After the success of their 1976 album and 12" ("Desperately") the group disbanded for unknown reasons. Fernando Arbex, the key figure in Barrabas, went into producing and writing for other artists in the latin community.
By 1982 Arbex was enticed back to recording when his own creative energies could not be satisfied by producing others. He re-formed Barrabas but only brought back Tito Duarte for the new Barrabas. The re-designed group were quickly snatched up by RCA, a label that they had originally recorded for.
Three albums were issued between 1982 and 1984. "Bestial" was the first album and like their other six they took their cues from the music of the day. Heavily synthesized rock beats and blazing guitars brought numbers like "Leather Queen," "Lover Of The Night" and "Viva Maria" to life.

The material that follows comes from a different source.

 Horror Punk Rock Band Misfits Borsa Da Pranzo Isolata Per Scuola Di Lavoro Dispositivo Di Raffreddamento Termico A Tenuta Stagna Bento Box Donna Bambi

"Piel De Barrabas" came next. Employing Susi for vocals the group tackled more dicey material than their previous releases. Tracks like "Please Mr. Reagan, Please Mr, Bresnev" and "Jeronimo" showed a depth more deeper than you would imagine. While other tracks were rock songs that happened to be danceable like "Wild Cat" and "Laura."
Their last album, "Forbidden," was actually the best of the three 1980's releases. Their muscianship, which was always tight and refined, shines through. The flaw would be the over use of male vocals. However tracks like "Sex Surprise, Big Surprise," "Hello Hello (7th Ave./54th)" and "Hollywood Ten O'Clock At Night" are quite good in retrospect. Still the group remained fairly anonymous.

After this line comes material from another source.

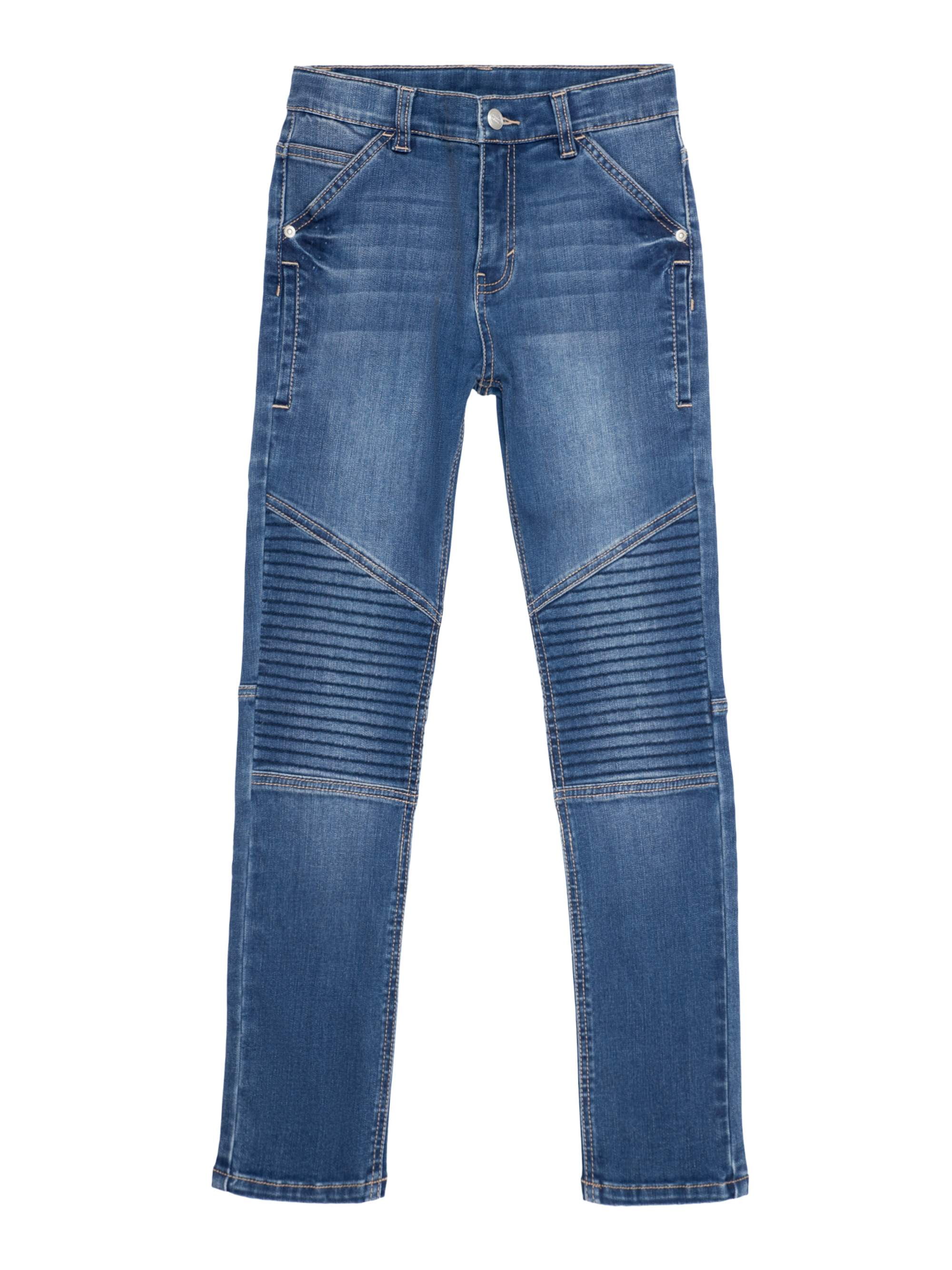 Wonder Nation Boys Skinny Moto Jeans Sizes 6-18 & Kuwait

RCA dropped the group in 1984 and though Arbex continued to perform concerts as Barrabas, the group was for all intents and purposes gone. One of the main reasons for their lack of success in the 1980's was RCA's apparent lack of proper promotion. No remixed 12" singles were released which would have, without a doubt, helped the sales of their albums. Instead RCA was content to promote them to the Latino community. And at that point latin music/artists had not crossed over into pop like they would in the next decade with Selena, Gloria Estefan and Ricky Martin.
Arbex continues producing and writing for other artists today and has no plans to re-form another Barrabas. But thanks to compact discs we can enjoy one of disco's pioneer groups still today. Our hats off to Fernando and Barrabas for being there in the beginning of disco music.......we love you!